On Thursday, Australian Conservatives senator Cory Bernardi did his job. Apparently, this is unacceptable and huge cause for concern.
Bernadi proposed a series of motions covering a range of issues including abortion funding, greater scrutiny on group GetUp! and White Ribbon Australia.
Do many of us believe these groups should come under more scrutiny? Yes.
When should these issues be raised? As soon as possible.
Calling White Ribbon an “anti-violence organisation” doesn’t make it void of scrutiny any more than winning Hollywood praise makes someone saintly. We all know that, don’t we?
If the SSM discussion raised one issue above all else, it is indeed that many people are concerned about “radical theories about gender and sexuality”. Why should that conversation end now?
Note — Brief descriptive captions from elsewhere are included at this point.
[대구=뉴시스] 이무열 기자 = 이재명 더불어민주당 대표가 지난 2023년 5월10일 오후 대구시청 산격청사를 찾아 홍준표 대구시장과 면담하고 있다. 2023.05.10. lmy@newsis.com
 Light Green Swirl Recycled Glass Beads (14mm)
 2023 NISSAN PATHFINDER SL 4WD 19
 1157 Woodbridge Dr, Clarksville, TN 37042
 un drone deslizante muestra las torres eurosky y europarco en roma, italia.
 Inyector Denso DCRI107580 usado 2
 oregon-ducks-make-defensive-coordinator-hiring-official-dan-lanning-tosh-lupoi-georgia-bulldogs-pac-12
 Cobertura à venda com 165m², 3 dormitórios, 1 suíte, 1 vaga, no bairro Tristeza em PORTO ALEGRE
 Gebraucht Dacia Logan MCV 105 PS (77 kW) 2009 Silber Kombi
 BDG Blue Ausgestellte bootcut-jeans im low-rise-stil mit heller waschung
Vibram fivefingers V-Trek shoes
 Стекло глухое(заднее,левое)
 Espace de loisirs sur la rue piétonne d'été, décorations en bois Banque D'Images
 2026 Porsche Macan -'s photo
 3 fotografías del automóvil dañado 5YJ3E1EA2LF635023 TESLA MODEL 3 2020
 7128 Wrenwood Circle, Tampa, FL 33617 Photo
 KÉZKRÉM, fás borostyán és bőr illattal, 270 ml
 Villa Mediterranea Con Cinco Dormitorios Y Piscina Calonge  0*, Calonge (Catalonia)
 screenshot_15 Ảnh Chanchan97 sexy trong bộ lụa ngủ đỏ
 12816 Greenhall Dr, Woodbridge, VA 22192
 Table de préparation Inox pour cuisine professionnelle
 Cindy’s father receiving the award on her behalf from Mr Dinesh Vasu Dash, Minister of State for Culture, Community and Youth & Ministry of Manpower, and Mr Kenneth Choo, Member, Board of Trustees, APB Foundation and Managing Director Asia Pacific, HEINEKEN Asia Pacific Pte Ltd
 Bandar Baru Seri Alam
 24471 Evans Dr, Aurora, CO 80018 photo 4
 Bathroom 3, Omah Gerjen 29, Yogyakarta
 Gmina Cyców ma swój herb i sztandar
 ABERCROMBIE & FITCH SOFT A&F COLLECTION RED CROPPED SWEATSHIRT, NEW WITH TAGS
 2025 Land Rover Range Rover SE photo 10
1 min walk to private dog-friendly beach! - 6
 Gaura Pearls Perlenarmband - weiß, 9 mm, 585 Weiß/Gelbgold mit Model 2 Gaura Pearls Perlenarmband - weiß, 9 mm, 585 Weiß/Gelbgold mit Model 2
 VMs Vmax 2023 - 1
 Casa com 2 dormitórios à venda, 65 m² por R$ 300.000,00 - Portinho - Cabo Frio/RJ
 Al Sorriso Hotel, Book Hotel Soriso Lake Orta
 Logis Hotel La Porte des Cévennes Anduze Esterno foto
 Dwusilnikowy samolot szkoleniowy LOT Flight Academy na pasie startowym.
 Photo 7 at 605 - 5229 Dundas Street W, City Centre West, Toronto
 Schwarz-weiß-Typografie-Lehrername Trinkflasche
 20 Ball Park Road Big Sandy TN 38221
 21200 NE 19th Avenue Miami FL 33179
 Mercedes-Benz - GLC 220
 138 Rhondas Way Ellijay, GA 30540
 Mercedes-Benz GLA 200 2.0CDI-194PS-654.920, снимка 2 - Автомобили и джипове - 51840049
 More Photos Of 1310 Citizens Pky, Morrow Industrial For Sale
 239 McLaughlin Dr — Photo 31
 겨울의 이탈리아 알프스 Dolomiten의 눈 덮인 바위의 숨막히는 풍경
Predictably left-wing reporting on Bernardi’s actions came with a rainbow spin. Are we all supposed to be still too busy dancing down Oxford Street to turn our attention to other issues that urgently need addressing?
His motions were described as “provocative”, it was labelled “Cory’s revenge”. It was said he “triggered messy Coalition divisions”. And, according to The Guardian, all “in a week when the government is being divided over how to respond to this week’s historic yes vote.”
Meanwhile, The Age asserted, “It was supposed to be a day of harmony in the Senate as Parliament basked in the loved-up glow of the postal survey result.”
Who are these people who dwell in this unfathomable, utterly bubble of bizarre victimhood?
Should politicians timetable tricky issues so that they don’t have too much to stew on at one time?
Should they have built in time to recover from the stress of the SSM survey?
Or, are they paid to front up, show up, and tackle hugely important issues?
It is not, never has been, and never will be any honest, committed politician’s role to keep peace in parliament and ease other’s discomfort. And I’m pretty sure taxpayers don’t shell out to fund a “day of harmony”.